According to published reports, the U.N. Commission on Human Rights' 53 members voted to adopt the resolution earlier this year, with opposition from the United States and the European Union.

At the time, Cuba's delegate, Rodolfo Reyes Rodriguez, said: "Islam has been the subject of very deep campaign of defamation."

"They're attempting to pass a sinister resolution that is nothing more than blatant religious bigotry," the ACLJ said in its promotion of its petition. "This is very important to understand. This radical proposal would outlaw Christianity … it would make the proclamation of your faith an international crime."

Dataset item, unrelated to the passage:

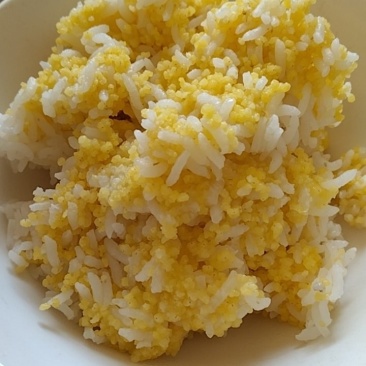 山地小米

"In his recent dissent on the Supreme Court's ruling on Guantanamo Bay, Justice Scalia said, 'America is at war with radical Islamists.' Never has this rung more true than today. Never have Christians been more targeted for their religious beliefs. And never have we faced a more dangerous threat than the one posed by the OIC," the ACLJ said.

On the Grizzly Groundswell blog, the author described the situation as, "The United Nations: 160 cannibals and 17 civilized people taking a majority vote on what to have for dinner."

The U.S. State Department also has found the proposal unpalatable.

"This resolution is incomplete inasmuch as it fails to address the situation of all religions," said the statement from Leonard Leo. "We believe that such inclusive language would have furthered the objective of promoting religious freedom. We also believe that any resolution on this topic must include mention of the need to change educational systems that promote hatred of other religions, as well as the problem of state-sponsored media that negatively targets any one religion."